### [Supplied records]
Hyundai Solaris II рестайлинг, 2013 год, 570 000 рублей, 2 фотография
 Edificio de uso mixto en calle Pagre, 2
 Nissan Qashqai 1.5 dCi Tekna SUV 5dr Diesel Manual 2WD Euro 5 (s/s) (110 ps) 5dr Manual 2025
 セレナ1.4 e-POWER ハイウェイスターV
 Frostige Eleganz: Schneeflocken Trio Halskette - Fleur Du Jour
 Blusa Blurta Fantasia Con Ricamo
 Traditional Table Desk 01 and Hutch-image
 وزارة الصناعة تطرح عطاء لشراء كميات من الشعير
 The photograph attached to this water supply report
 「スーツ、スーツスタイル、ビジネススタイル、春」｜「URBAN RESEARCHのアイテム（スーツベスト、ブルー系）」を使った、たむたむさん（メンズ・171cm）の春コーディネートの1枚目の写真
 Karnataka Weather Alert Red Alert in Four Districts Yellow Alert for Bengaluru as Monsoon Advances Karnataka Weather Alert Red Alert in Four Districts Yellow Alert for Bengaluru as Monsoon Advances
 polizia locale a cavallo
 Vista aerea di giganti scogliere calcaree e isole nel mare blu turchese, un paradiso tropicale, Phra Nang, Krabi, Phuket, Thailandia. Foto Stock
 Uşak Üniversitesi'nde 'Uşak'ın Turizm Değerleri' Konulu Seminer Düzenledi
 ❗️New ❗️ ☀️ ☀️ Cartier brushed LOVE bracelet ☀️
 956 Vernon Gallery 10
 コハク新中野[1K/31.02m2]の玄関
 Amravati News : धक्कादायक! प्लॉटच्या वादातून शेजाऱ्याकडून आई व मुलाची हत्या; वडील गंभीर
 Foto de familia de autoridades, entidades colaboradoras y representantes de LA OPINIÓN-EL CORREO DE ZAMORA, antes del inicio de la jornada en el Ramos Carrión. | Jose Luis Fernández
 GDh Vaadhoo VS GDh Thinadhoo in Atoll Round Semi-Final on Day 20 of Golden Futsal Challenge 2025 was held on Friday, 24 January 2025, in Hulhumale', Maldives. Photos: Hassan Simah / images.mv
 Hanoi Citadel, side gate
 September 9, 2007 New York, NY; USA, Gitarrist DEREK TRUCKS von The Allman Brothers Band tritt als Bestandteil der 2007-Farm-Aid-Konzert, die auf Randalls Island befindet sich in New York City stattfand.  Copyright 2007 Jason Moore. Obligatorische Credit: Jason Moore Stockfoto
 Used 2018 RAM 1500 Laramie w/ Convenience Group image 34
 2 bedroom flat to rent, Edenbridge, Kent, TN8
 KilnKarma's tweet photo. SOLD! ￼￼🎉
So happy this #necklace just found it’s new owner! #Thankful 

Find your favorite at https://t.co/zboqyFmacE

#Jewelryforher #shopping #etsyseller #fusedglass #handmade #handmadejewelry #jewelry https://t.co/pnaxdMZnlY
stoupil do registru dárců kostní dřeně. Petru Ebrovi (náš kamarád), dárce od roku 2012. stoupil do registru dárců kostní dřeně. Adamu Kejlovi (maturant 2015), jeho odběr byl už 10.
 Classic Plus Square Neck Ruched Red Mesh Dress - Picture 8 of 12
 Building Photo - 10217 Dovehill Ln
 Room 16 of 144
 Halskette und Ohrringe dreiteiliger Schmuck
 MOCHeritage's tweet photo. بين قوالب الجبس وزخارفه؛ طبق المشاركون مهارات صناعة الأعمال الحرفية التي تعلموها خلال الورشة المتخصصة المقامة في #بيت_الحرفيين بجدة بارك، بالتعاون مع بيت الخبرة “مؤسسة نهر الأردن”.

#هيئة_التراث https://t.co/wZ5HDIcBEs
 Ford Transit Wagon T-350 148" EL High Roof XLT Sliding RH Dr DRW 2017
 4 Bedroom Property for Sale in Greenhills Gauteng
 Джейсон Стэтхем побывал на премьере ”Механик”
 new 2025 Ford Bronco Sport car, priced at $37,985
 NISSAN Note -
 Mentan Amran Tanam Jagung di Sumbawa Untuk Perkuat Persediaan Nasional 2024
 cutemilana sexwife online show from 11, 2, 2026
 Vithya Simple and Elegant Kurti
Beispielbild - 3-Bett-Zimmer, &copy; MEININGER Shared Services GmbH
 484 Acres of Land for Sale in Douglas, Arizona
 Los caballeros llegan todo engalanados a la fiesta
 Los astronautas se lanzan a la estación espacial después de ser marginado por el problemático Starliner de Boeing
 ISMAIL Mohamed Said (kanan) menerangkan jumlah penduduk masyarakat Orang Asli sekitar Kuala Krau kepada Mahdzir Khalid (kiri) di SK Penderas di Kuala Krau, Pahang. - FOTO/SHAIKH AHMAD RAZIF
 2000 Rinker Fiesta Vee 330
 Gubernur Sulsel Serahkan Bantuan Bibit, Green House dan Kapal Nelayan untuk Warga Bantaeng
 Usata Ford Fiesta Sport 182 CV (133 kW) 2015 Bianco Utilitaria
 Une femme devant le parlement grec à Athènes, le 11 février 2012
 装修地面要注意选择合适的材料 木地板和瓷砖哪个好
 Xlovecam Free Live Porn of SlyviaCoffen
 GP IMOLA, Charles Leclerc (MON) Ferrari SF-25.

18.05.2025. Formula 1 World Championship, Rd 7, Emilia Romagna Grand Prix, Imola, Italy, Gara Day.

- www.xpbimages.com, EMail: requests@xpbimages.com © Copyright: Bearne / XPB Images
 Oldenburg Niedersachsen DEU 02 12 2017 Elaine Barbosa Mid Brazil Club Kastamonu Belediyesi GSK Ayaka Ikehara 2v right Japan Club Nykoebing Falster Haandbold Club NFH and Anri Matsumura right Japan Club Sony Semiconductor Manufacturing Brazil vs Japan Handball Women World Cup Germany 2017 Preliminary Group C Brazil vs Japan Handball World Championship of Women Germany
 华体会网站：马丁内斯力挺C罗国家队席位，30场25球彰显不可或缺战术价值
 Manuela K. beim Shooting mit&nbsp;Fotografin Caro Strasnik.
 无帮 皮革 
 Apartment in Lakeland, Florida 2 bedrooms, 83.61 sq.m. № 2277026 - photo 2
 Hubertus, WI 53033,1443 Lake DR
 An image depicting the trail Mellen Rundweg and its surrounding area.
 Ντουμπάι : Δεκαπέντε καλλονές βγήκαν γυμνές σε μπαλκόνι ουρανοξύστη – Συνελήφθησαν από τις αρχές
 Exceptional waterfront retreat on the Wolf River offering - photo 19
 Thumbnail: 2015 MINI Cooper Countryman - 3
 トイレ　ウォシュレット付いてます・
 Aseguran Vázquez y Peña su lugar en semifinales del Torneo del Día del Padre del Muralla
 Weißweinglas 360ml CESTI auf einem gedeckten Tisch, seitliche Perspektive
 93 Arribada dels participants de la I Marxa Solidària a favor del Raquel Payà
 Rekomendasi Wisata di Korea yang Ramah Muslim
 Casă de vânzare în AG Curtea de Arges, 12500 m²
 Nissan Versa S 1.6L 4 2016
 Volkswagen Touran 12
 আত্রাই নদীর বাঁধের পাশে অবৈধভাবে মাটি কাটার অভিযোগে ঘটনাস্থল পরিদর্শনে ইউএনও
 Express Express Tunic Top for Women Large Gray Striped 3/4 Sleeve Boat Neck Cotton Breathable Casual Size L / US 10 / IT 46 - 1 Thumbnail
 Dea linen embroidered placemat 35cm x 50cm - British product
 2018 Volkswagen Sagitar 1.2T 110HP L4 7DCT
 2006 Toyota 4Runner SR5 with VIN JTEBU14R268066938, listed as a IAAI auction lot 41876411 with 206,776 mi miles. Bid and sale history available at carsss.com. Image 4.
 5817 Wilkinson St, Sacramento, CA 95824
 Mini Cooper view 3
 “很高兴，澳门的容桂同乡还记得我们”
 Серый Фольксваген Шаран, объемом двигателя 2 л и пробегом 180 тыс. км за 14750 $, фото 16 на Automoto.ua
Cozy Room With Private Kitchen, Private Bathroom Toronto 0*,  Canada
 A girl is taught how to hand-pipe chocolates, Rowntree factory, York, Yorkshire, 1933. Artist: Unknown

### [Your instructions]
Only the lines above starting with the one with "MOCHeritage's tweet photo." and going through the one with "#هيئة_التراث https://t.co/wZ5HDIcBEs" are to be copied, word for word and with both ends kept.

### [Solved problem]
 MOCHeritage's tweet photo. بين قوالب الجبس وزخارفه؛ طبق المشاركون مهارات صناعة الأعمال الحرفية التي تعلموها خلال الورشة المتخصصة المقامة في #بيت_الحرفيين بجدة بارك، بالتعاون مع بيت الخبرة “مؤسسة نهر الأردن”.

#هيئة_التراث https://t.co/wZ5HDIcBEs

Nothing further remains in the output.